> **Dataset excerpts**:
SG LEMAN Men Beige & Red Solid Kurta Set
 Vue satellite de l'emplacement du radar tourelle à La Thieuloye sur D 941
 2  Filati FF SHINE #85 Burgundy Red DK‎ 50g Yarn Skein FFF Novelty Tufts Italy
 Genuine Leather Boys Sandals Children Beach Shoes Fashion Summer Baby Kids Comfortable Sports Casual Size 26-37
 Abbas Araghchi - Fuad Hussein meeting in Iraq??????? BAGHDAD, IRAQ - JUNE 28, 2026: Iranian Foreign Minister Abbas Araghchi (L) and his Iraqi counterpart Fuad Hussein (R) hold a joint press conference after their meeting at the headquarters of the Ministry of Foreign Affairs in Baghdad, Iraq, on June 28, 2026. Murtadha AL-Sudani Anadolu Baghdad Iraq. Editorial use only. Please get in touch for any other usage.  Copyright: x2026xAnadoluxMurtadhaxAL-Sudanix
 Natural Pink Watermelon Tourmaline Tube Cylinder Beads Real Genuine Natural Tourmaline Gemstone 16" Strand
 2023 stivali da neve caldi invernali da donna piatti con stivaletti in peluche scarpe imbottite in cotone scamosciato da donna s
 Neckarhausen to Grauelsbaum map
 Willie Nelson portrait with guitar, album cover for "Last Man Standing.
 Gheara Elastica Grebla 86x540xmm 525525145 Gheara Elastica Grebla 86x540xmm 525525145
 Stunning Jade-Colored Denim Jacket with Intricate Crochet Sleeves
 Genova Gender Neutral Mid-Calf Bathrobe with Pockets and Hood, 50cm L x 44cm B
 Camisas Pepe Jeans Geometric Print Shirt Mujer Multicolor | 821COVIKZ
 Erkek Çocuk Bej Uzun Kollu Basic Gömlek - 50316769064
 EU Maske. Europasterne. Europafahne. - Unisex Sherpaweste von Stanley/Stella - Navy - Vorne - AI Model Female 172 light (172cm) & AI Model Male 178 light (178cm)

> **DIRECTIONS FOR THIS TASK**: Tally the lines of the data that contain the word "Genuine", and give only that tally.

> **EXERCISE ANSWER**: 2